### Excerpted data

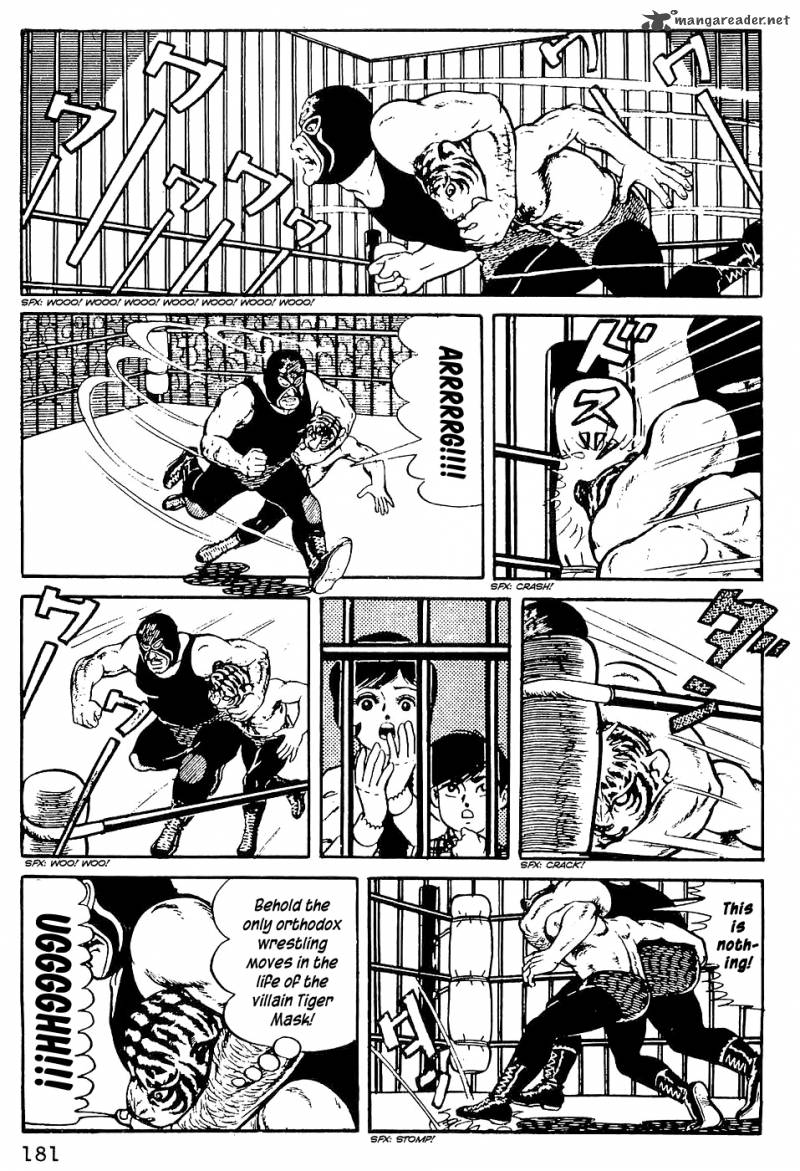Tiger Mask Chapter 7 Page 18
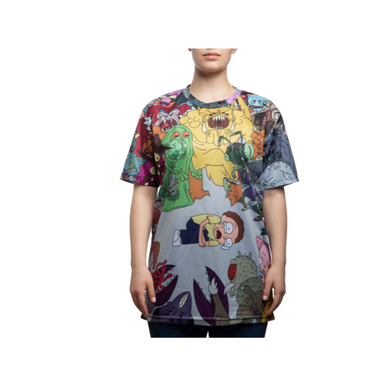 Funky T shirt Design 9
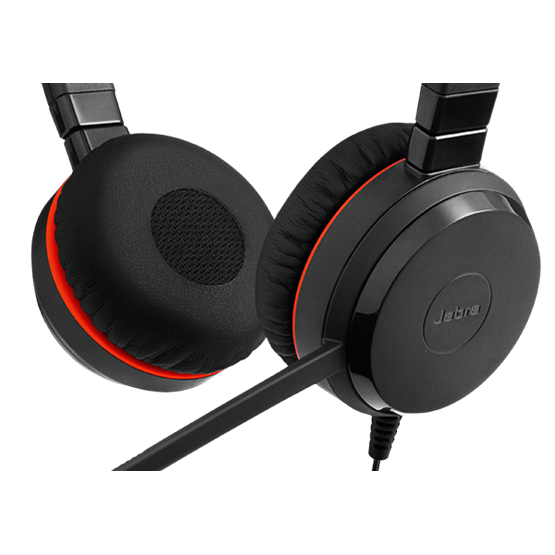 Jabra EVOLVE 30 II Stereo, USB-A, MS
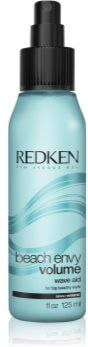 Redken Beach Envy Volume spray styling para efeito de praia 125 ml. Beach Envy Volume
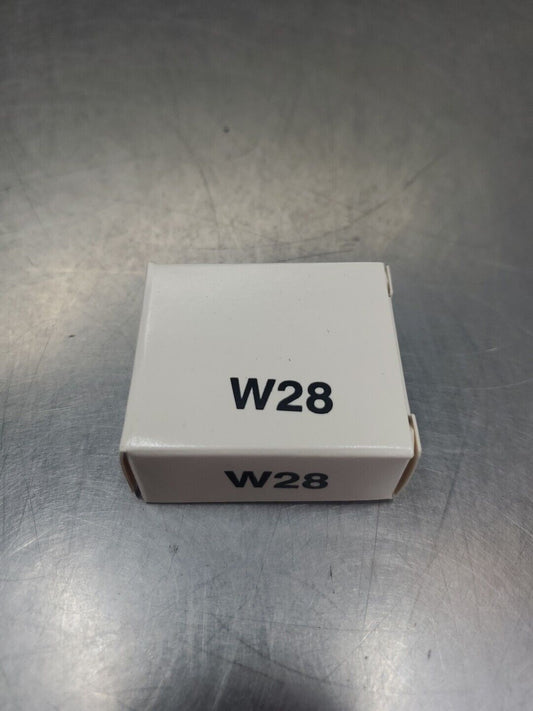 Allen-Bradley W28 Heater Overload Module.                                  4D-43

######

_Assigned task_: All entries are to be duplicated exactly, with the pictures left out.

_Response to the task_:
Tiger Mask Chapter 7 Page 18
 Funky T shirt Design 9
 Jabra EVOLVE 30 II Stereo, USB-A, MS
 Redken Beach Envy Volume spray styling para efeito de praia 125 ml. Beach Envy Volume
 Allen-Bradley W28 Heater Overload Module.                                  4D-43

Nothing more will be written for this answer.